### The problem
Copy the entries below word for word, but omit any pictures they contain.

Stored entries
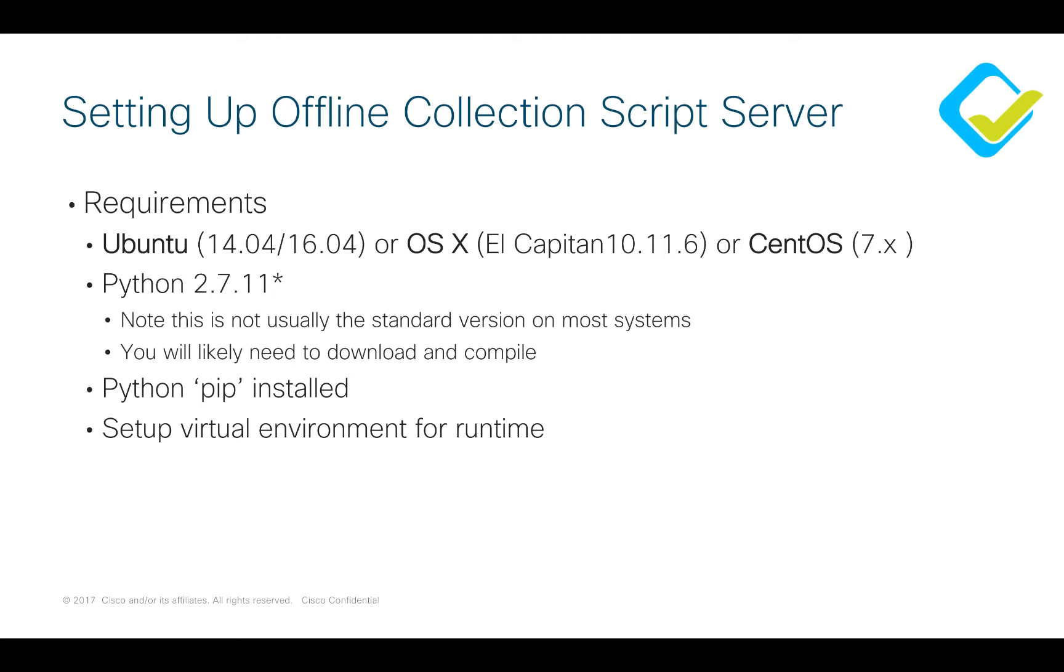You will also need to have Python 2.7.11. Note that this is not the standard version that ships with these systems, so you're likely going to need to download this and compile it to get to version 2.7.11. You'll also need to have Python pip installed and we strongly recommend that you run this in a virtual environment at runtime.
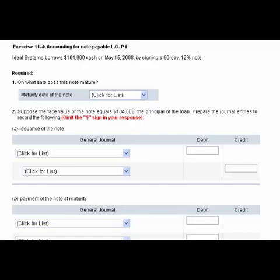Hi everyone. Let's work exercise 11-4, which deals with accounting for notes payable. To the left of my mouse, it reads: Ideal Systems borrows $104,000 cash on May 15th by signing a 60-day 12% note. Okay, on what date does this note mature?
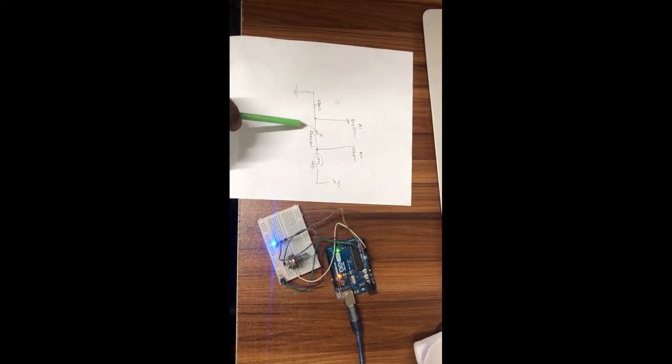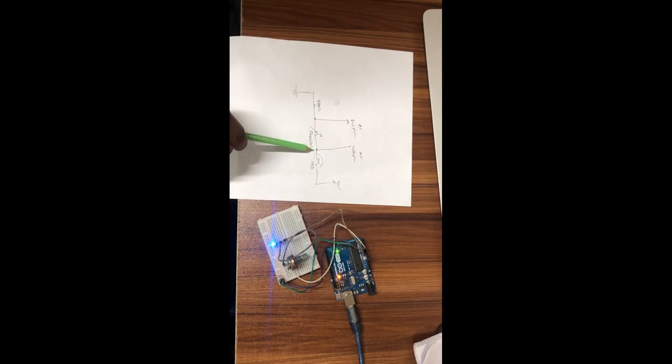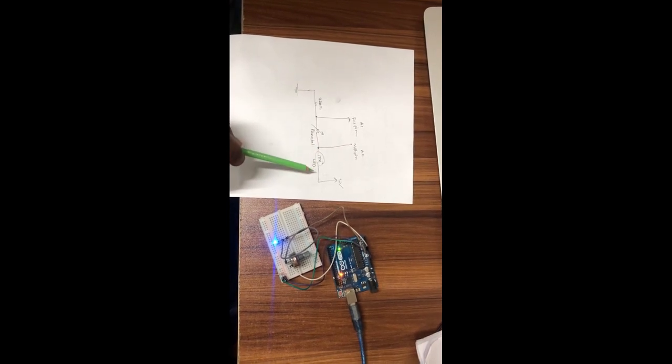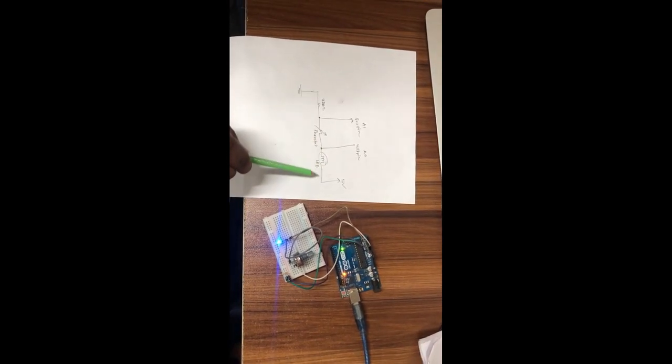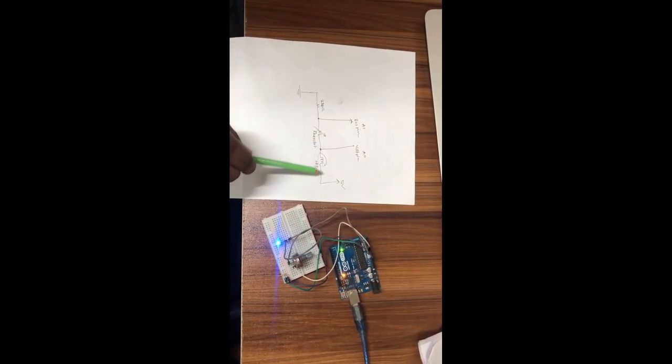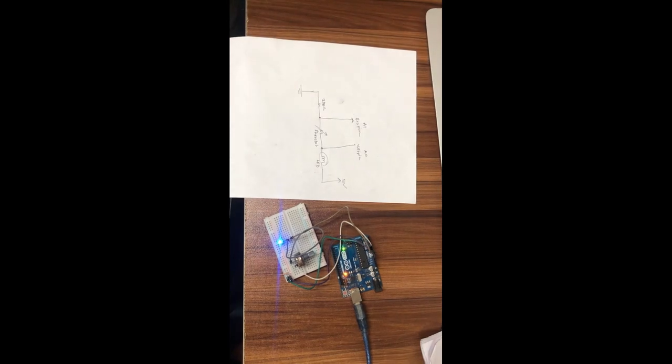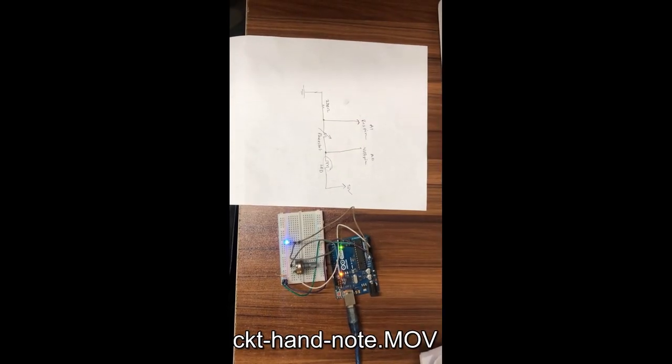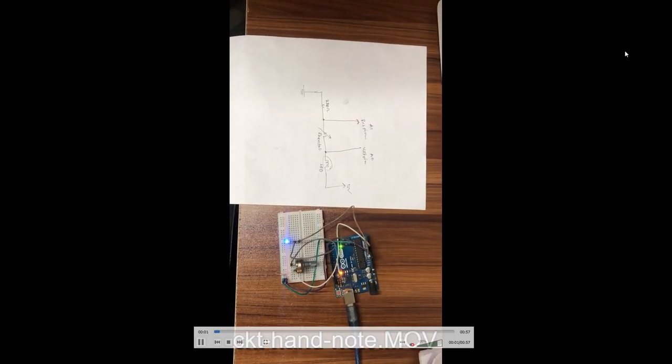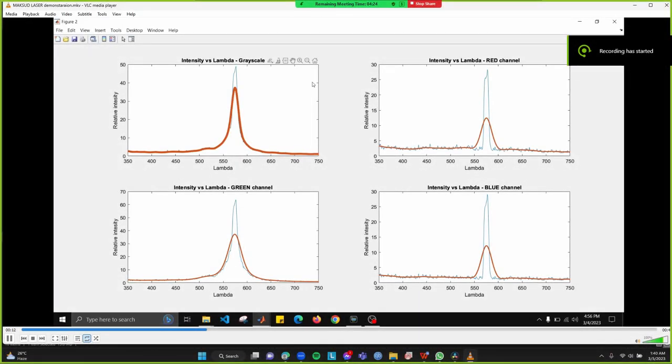That's because this point voltage will change with respect to rheostat value. And from then, we can also change the across voltage of the LED.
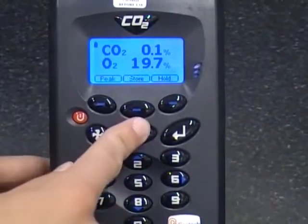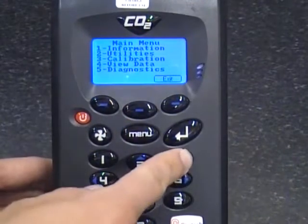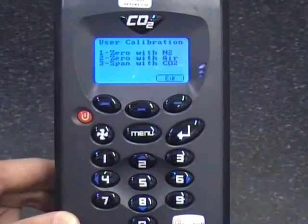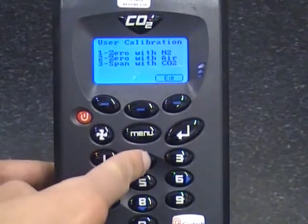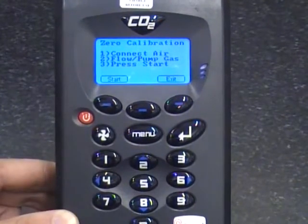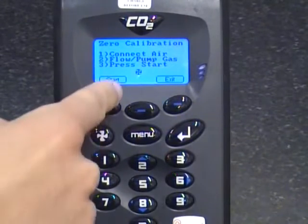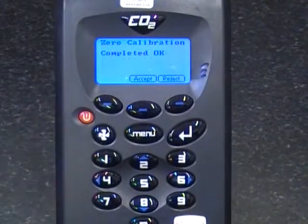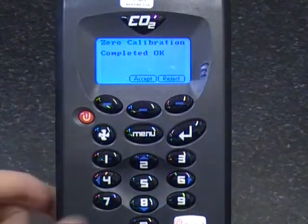Press the menu key. Press 3 for calibration and then press 2 for the CO2 channel. Key in 2, zero with air. Start running the pump and press start on the analyzer. Then wait until the analyzer indicates that the zero is successful and select accept.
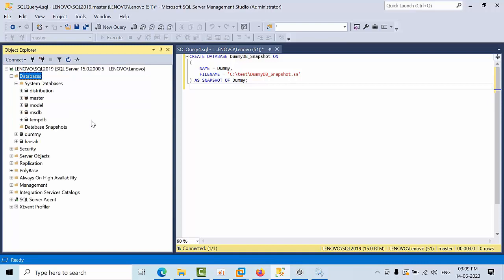We can consider snapshots like temporary backups when the database is online. I mean to say, let's assume that I am going to change some table structure or I am doing some DDL changes.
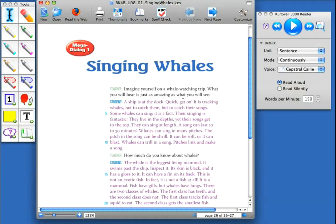In this video, we're going to look at the feature that allows audible or silent reading in Kurzweil 3000 for Macintosh. This feature is very helpful for modeling fluent reading and makes it possible to read text selections in a read aloud or silent mode in a whole group or individual instruction.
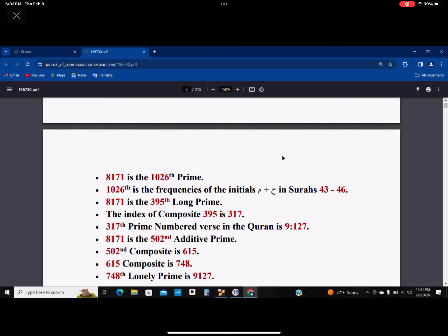Well, 8171 is the 502nd additive prime. 502nd composite is 615. The 615th composite is 748, and the 748th lonely prime is 9127.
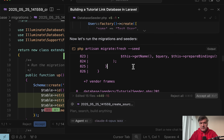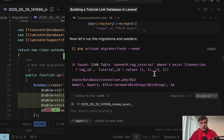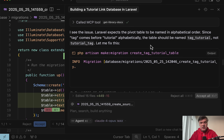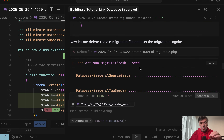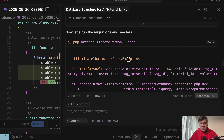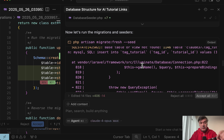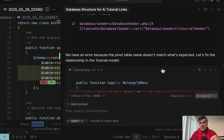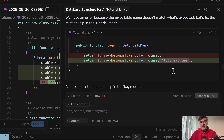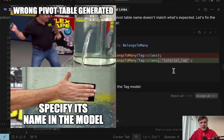Sonnet 4's Migrate Fresh Seed failed with error: base table not found 'tag_tutorial'. The reason was that it generated the pivot table in the wrong order. It actually apologizes — Laravel is looking for 'tag_tutorial' by default but we created 'tutorial_tag'. It then called MCP Tool Context 7 for documentation, created the correct migration, asked me to delete the older file, and then Migrate Fresh succeeded. With Claude 3.7 Sonnet, there was the same error, but the solution was different: instead of using Laravel standards for pivot table naming, it made a duct tape hotfix by providing the table name as a parameter. This is a red flag to me.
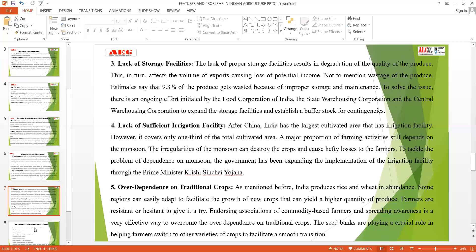The next problem is lack of sufficient irrigation facilities. There is a lack of irrigation facilities, meaning irregularities need to be overcome. Although the government has provided some irrigation facilities, they are not able to reach the rural areas. That is why farmers cannot tackle conditions of less monsoon or rainfall—they remain totally dependent on monsoon. If the government expands implementation of irrigation facilities into rural areas, it can lead to more productivity in agriculture.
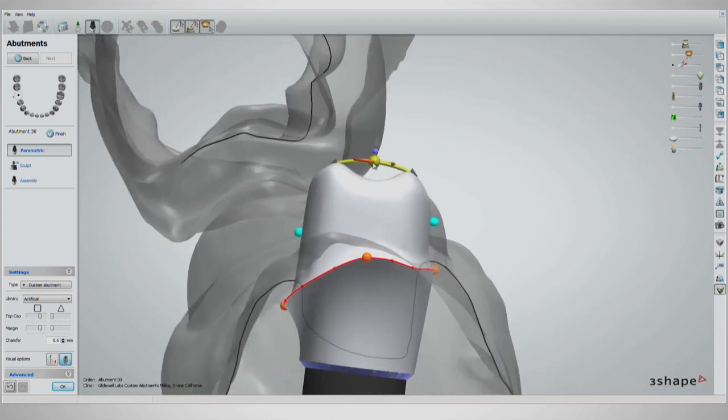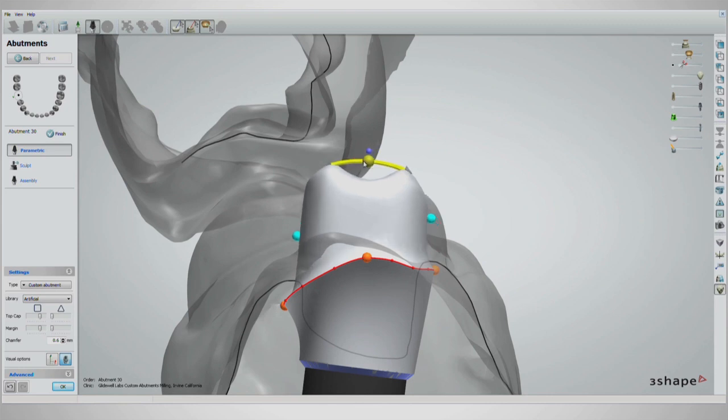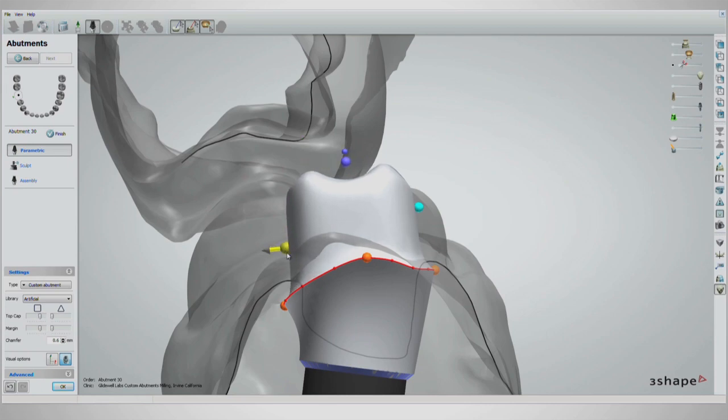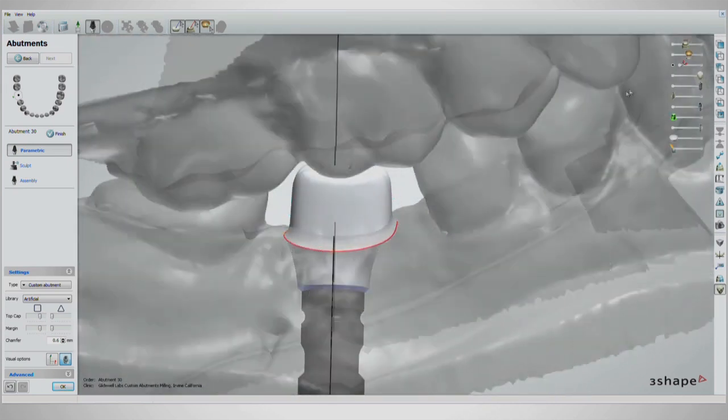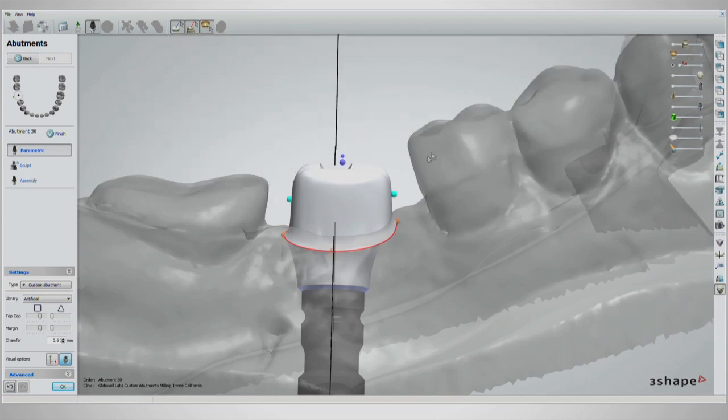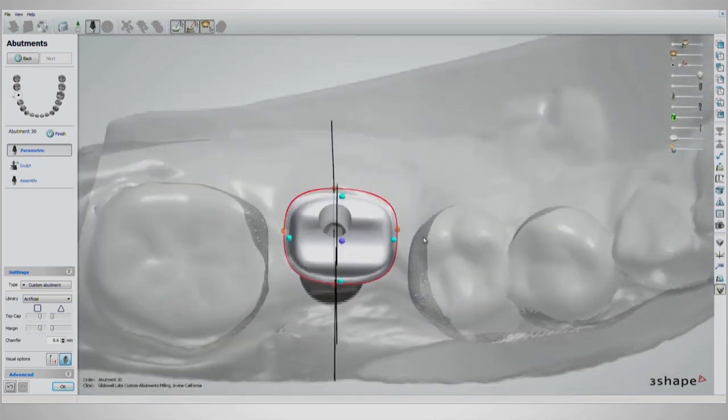The abutment can be angled by clicking and dragging the large purple handle. You can angle the abutment buccal lingually while viewing from the mesial or distal, or mesial distally by viewing from the buccal or lingual.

### Answer to this problem
You will also need to have Python 2.7.11. Note that this is not the standard version that ships with these systems, so you're likely going to need to download this and compile it to get to version 2.7.11. You'll also need to have Python pip installed and we strongly recommend that you run this in a virtual environment at runtime.
Hi everyone. Let's work exercise 11-4, which deals with accounting for notes payable. To the left of my mouse, it reads: Ideal Systems borrows $104,000 cash on May 15th by signing a 60-day 12% note. Okay, on what date does this note mature?
That's because this point voltage will change with respect to rheostat value. And from then, we can also change the across voltage of the LED.
Press the menu key. Press 3 for calibration and then press 2 for the CO2 channel. Key in 2, zero with air. Start running the pump and press start on the analyzer. Then wait until the analyzer indicates that the zero is successful and select accept.
We can consider snapshots like temporary backups when the database is online. I mean to say, let's assume that I am going to change some table structure or I am doing some DDL changes.
In this video, we're going to look at the feature that allows audible or silent reading in Kurzweil 3000 for Macintosh. This feature is very helpful for modeling fluent reading and makes it possible to read text selections in a read aloud or silent mode in a whole group or individual instruction.
Well, 8171 is the 502nd additive prime. 502nd composite is 615. The 615th composite is 748, and the 748th lonely prime is 9127.
Sonnet 4's Migrate Fresh Seed failed with error: base table not found 'tag_tutorial'. The reason was that it generated the pivot table in the wrong order. It actually apologizes — Laravel is looking for 'tag_tutorial' by default but we created 'tutorial_tag'. It then called MCP Tool Context 7 for documentation, created the correct migration, asked me to delete the older file, and then Migrate Fresh succeeded. With Claude 3.7 Sonnet, there was the same error, but the solution was different: instead of using Laravel standards for pivot table naming, it made a duct tape hotfix by providing the table name as a parameter. This is a red flag to me.
The next problem is lack of sufficient irrigation facilities. There is a lack of irrigation facilities, meaning irregularities need to be overcome. Although the government has provided some irrigation facilities, they are not able to reach the rural areas. That is why farmers cannot tackle conditions of less monsoon or rainfall—they remain totally dependent on monsoon. If the government expands implementation of irrigation facilities into rural areas, it can lead to more productivity in agriculture.
The abutment can be angled by clicking and dragging the large purple handle. You can angle the abutment buccal lingually while viewing from the mesial or distal, or mesial distally by viewing from the buccal or lingual.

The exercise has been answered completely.